My current frustration is all thanks to AI. Over the past twelve months I have watched peers in other companies claim they are trialling it all over the place. I know that a lot of the stuff we hear from people on stage is hot air, but I do want to get my team at least playing with the tools that make their lives easier.
My team wants to move. I want to move. But every tool we try to adopt hits a wall with IT. The procurement process alone takes four to five months. We are yet to have a tool actually signed off. Two tools have been rejected outright on data security grounds with no real explanation beyond a blanket policy about third party data processing. There are zero IT tools available in the company.
I have tried going through the proper channels. I have tried building a business case. I have tried getting IT to come to the table early. Nothing moves at any speed.

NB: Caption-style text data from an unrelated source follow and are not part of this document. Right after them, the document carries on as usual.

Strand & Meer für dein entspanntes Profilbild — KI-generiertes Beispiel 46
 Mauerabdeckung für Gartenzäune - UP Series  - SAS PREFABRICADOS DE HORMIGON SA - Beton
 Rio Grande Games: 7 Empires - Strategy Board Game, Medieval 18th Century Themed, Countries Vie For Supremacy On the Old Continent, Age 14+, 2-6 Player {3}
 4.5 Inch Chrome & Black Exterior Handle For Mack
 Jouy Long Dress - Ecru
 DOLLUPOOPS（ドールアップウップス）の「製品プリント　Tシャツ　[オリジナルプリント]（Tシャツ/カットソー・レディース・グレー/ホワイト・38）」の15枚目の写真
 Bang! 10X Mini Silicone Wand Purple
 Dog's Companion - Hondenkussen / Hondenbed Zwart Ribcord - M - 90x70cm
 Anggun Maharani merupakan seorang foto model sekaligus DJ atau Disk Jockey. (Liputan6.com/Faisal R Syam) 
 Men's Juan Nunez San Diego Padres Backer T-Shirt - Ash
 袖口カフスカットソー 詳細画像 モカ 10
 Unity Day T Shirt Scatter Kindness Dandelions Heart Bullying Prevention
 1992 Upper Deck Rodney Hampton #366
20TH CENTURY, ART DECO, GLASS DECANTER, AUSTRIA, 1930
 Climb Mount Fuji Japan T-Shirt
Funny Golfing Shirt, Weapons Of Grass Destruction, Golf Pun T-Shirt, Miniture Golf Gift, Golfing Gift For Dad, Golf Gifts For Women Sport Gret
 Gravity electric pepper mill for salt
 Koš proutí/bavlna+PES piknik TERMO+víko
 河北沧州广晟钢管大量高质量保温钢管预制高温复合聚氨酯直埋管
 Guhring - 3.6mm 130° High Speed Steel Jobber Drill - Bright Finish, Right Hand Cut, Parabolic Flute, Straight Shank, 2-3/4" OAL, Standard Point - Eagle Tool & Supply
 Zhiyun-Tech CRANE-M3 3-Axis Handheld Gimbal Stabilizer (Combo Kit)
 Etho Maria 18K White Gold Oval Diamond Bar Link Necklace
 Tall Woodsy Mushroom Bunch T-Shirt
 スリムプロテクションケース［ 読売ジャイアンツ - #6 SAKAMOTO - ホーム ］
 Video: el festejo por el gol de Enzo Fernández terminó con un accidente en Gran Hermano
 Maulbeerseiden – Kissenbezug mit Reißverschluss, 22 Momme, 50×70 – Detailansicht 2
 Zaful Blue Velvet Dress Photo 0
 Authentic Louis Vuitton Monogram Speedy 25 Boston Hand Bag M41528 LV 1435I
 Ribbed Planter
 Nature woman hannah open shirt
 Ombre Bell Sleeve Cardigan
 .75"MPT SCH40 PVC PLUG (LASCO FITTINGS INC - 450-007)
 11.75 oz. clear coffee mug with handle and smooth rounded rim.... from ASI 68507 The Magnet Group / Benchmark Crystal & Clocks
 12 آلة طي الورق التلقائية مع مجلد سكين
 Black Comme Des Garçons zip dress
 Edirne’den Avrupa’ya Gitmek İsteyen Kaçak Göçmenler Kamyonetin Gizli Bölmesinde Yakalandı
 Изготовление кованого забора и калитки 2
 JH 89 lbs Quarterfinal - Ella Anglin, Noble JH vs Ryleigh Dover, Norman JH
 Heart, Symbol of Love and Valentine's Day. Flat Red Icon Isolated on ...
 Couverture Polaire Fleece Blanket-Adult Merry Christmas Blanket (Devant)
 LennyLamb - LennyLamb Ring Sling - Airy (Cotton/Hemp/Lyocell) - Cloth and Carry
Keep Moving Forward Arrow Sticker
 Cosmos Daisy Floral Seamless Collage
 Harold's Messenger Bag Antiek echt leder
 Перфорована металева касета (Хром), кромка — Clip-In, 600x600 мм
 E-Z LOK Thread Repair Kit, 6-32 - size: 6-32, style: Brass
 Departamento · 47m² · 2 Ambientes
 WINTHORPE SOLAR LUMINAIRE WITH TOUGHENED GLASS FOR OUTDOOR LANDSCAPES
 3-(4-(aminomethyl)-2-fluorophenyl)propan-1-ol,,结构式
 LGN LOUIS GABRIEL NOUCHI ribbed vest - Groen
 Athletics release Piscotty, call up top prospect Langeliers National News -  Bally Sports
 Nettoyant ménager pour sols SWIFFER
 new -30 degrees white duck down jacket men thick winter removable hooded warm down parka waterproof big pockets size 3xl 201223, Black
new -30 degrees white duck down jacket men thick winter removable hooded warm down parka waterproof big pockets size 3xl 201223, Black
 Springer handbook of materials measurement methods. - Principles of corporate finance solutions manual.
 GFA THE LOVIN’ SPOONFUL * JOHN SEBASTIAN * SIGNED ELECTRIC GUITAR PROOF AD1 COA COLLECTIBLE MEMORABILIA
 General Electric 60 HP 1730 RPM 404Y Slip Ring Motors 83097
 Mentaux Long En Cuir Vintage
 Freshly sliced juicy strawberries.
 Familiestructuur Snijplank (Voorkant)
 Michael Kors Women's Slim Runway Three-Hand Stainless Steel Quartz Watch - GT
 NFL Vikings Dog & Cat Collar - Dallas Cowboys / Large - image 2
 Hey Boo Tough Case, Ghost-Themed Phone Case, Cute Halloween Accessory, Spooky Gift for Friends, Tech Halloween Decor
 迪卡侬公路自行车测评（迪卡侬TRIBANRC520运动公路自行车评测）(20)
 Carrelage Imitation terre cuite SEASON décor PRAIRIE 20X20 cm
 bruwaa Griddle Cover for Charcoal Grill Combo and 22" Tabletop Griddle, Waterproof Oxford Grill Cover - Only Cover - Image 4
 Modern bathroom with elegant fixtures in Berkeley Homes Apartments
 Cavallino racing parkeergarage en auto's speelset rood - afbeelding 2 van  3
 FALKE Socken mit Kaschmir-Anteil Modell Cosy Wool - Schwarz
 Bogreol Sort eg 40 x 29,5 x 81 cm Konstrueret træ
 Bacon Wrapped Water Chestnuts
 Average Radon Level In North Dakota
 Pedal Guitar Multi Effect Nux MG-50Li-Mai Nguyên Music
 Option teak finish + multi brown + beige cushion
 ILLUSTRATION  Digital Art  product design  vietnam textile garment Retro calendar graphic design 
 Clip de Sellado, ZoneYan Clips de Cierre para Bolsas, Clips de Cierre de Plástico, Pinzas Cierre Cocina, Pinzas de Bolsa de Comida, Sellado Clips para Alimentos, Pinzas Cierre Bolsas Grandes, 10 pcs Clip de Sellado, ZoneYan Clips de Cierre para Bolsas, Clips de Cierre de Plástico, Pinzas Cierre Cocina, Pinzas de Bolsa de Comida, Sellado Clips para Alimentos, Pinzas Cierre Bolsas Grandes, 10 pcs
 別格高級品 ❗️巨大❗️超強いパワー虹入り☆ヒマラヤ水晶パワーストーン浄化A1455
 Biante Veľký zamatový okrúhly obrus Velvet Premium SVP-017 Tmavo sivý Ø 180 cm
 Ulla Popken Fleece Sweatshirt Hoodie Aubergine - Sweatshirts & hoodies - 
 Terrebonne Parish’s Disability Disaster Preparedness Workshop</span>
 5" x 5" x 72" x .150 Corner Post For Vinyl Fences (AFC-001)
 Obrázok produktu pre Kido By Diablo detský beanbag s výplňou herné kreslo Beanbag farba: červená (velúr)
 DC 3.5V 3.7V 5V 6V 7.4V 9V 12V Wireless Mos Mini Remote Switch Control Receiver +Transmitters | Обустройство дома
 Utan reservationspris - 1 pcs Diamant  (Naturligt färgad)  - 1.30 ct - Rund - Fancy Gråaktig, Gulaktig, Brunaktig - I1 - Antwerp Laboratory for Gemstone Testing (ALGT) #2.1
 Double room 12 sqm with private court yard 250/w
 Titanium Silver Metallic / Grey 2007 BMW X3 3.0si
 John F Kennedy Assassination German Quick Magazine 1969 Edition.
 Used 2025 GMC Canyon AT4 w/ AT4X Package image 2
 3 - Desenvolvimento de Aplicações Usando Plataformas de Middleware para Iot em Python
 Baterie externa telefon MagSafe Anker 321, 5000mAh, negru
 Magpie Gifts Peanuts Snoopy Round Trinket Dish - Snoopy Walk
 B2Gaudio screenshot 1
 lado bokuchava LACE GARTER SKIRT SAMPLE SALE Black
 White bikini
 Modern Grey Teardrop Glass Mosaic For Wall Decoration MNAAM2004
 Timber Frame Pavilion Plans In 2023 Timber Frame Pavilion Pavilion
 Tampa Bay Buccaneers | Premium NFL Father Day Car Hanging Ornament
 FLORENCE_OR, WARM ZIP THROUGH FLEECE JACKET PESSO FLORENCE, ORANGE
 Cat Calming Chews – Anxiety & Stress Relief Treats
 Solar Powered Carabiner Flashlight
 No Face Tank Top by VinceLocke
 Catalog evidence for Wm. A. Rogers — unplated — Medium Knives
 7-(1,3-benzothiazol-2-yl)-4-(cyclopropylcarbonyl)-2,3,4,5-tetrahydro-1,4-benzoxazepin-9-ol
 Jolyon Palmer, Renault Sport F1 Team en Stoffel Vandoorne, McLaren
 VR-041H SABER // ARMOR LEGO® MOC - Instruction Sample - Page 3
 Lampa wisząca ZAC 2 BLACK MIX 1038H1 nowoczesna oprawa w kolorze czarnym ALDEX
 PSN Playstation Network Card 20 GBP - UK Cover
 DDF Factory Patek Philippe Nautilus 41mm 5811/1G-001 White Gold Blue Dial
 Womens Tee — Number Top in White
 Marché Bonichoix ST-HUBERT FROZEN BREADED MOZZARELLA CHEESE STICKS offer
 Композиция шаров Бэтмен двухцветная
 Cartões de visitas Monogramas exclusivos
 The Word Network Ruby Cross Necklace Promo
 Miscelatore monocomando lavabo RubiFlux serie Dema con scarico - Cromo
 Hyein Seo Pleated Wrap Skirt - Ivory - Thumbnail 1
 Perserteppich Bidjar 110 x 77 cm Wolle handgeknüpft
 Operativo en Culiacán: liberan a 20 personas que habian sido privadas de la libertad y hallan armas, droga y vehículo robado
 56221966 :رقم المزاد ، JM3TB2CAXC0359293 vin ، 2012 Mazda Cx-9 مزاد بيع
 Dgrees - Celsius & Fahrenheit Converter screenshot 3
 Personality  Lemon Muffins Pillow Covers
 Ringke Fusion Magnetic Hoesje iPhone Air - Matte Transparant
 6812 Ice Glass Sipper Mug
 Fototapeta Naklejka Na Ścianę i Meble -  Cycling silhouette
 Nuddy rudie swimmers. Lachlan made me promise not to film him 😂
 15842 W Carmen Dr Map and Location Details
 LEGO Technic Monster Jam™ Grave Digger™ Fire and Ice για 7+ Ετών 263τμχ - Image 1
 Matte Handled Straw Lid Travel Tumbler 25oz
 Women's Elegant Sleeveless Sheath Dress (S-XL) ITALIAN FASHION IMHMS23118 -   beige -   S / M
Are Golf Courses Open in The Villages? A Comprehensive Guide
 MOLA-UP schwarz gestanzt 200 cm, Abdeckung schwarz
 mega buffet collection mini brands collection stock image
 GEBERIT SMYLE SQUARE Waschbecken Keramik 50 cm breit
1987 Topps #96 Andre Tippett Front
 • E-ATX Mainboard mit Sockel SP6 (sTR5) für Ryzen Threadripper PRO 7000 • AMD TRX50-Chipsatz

I do not think IT are bad people. But I do think they are applying yesterday’s risk framework to tomorrow’s tools, and the cost to marketing is real and growing.
Any advice?”
Sarah, London
Rich’s reply
Sarah, I have certainly had my run-ins with IT over the years but, to be fair, they are not wrong to be cautious.
That is not the same as saying their current approach is right, or that the pace of their review process is acceptable, or that a blanket rejection with no explanation is a reasonable response to a well-constructed business case. None of those things are right. But the underlying instinct, that AI tools carry data risks that need to be properly understood before they touch client information, is a legitimate one. Especially in professional services, where client confidentiality is not a compliance checkbox but the foundation of the entire commercial relationship.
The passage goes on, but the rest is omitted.